Tutorial 2: How to prepare a database for faster load speeds

In this tutorial, you will learn how to pre-process a conformer database file for FastROCS TK, allowing for faster database load times with OEShapeDatabase.Open. Load times could be up to 10x faster. See the figure below for an eMolecules dataset of 14 million conformers.

../../../_images/Tutorial_2_Figure_1.png

Pre-Processing Performance Impact

To gain this extra loading performance, you need to use the following functions:

  1. OEPRECompress – this function works on the output molecule stream object allowing the molecules to be stored in a ‘pre-compressed’ format:

    • Writes rotor-offset-compressed molecules in the perfect-rotor-encoding format
    • There is no need to Gzip which means faster OEMolDatabase.Open.
  2. OEPrepareFastROCSMol – this function woks on each OEMol record of the input.oeb:

    • Sets the energy of each conformer to 0.0 to avoid writing it to OEB.
    • Suppresses hydrogens and reorders reference conformers for compression.
    • Pre-calculates color atoms.
    • Pre-calculates self-color and self-shape terms for all conformers.

    Note

    The color terms cached by OEPrepareFastROCSMol are from the OEColorFFType_ImplicitMillsDean color force field.

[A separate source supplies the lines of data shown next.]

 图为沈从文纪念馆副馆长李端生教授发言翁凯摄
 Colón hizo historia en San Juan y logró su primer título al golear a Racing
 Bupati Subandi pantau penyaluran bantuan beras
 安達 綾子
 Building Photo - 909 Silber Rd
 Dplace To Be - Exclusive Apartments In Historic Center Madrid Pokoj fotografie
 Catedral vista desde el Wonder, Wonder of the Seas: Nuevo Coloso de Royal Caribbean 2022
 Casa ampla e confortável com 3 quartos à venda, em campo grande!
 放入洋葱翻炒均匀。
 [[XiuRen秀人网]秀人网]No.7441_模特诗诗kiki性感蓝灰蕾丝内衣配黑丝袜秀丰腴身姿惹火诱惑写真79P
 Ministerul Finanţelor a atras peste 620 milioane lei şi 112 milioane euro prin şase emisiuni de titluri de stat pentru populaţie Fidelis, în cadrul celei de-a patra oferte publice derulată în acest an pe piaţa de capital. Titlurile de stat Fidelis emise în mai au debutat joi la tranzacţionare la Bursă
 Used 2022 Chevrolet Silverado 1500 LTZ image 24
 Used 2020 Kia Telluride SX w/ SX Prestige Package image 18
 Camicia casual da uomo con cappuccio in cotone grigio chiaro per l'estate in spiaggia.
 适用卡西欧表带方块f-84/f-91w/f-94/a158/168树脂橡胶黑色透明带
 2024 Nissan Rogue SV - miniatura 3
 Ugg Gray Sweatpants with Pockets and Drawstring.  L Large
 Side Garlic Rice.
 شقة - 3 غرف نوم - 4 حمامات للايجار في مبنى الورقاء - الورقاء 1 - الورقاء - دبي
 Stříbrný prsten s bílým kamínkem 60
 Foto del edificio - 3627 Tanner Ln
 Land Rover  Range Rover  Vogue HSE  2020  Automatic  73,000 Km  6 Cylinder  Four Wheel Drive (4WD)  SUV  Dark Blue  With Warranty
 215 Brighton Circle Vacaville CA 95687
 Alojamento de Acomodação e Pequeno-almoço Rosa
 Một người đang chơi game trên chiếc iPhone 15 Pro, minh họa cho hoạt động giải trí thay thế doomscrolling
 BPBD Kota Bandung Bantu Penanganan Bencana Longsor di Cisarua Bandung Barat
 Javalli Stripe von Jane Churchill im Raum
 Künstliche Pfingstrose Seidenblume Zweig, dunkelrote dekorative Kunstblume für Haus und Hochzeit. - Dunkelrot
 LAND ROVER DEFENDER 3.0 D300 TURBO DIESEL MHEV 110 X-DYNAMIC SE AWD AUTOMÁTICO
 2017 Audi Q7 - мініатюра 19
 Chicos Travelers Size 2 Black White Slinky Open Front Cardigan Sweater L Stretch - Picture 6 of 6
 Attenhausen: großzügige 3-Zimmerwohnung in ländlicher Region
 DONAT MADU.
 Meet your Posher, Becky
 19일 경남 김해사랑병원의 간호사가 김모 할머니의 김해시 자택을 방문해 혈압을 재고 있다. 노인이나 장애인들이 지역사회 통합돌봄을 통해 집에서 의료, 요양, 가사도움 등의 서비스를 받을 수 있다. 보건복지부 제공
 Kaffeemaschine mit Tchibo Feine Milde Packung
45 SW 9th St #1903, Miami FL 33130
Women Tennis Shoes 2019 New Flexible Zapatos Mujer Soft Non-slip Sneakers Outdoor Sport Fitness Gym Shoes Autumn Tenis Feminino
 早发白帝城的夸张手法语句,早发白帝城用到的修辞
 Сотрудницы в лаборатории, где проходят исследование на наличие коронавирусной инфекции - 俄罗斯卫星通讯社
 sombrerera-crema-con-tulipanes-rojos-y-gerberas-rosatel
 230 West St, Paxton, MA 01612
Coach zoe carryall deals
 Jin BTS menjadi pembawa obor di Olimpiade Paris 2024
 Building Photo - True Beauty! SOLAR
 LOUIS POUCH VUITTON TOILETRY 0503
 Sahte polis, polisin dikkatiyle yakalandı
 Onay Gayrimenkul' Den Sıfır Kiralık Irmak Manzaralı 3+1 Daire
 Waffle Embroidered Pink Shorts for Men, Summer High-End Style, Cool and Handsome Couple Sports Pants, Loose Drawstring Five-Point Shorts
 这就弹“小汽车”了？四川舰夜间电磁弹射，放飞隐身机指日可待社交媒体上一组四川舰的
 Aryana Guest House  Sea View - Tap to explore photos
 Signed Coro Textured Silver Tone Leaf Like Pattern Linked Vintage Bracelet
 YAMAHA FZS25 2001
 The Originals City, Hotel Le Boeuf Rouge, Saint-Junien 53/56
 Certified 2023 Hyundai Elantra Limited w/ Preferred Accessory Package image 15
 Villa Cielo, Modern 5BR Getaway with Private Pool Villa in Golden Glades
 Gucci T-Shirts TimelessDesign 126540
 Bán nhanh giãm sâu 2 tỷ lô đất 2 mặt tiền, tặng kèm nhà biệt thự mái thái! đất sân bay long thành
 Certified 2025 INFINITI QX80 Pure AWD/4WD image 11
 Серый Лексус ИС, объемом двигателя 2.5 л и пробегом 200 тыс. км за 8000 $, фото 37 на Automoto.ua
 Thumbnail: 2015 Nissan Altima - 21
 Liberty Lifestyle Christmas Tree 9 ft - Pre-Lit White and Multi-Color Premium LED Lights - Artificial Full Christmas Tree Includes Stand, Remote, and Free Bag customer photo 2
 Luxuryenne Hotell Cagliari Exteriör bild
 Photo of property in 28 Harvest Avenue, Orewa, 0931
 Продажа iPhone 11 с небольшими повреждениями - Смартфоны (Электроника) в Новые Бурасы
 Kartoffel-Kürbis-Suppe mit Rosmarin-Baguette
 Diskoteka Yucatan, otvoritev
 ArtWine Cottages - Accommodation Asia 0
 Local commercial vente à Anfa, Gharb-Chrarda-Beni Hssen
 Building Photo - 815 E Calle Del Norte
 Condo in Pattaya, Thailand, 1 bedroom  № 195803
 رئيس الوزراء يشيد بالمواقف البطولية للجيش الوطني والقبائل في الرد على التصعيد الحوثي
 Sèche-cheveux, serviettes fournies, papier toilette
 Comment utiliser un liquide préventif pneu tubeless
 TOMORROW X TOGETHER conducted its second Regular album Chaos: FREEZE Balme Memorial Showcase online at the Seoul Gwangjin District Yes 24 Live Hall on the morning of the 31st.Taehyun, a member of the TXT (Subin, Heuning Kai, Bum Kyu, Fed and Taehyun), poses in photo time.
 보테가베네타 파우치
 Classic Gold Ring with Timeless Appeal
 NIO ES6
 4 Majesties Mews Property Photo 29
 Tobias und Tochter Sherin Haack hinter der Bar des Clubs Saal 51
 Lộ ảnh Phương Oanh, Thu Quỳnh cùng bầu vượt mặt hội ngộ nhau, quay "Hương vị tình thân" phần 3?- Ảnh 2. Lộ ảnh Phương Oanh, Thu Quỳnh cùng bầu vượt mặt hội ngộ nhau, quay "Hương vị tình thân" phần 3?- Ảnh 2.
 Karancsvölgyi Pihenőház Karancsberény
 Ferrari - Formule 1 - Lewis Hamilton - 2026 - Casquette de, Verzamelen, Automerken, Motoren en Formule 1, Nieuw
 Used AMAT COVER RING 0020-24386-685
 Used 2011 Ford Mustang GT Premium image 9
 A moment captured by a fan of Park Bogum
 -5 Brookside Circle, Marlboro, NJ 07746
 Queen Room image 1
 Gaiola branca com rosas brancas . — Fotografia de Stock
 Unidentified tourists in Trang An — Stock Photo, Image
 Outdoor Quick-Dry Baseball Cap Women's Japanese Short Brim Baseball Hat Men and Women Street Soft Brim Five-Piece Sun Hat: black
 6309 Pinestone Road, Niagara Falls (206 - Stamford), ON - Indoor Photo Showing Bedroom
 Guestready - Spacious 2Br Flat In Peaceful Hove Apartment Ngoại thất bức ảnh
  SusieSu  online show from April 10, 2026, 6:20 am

A different color force field can be given as the second argument to override ImplicitMillsDean.

In general, calling OEPrepareFastROCSMol and OEPRECompress will result in a smaller OEB file than the default OEB.GZ output from OMEGA.

Further reduction in file-size can be achieved by using an OEMCMolType_HalfFloatCartesian molecule to store reference coordinates and torsions as 16-bit floating point.

Here is some example code showing how to pre-process a database with OEPrepareFastROCSMol, save to a precompessed format, and reduce the file size by using half precision:

#!/usr/bin/env python
# (C) 2017 OpenEye Scientific Software Inc. All rights reserved.
#
# TERMS FOR USE OF SAMPLE CODE The software below ("Sample Code") is
# provided to current licensees or subscribers of OpenEye products or
# SaaS offerings (each a "Customer").
# Customer is hereby permitted to use, copy, and modify the Sample Code,
# subject to these terms. OpenEye claims no rights to Customer's
# modifications. Modification of Sample Code is at Customer's sole and
# exclusive risk. Sample Code may require Customer to have a then
# current license or subscription to the applicable OpenEye offering.
# THE SAMPLE CODE IS PROVIDED "AS IS", WITHOUT WARRANTY OF ANY KIND,
# EXPRESS OR IMPLIED.  OPENEYE DISCLAIMS ALL WARRANTIES, INCLUDING, BUT
# NOT LIMITED TO, WARRANTIES OF MERCHANTABILITY, FITNESS FOR A
# PARTICULAR PURPOSE AND NONINFRINGEMENT. In no event shall OpenEye be
# liable for any damages or liability in connection with the Sample Code
# or its use.

from __future__ import print_function
import sys, os

oepy = os.path.join(os.path.dirname(__file__), "..", "python")
sys.path.insert(0, os.path.realpath(oepy))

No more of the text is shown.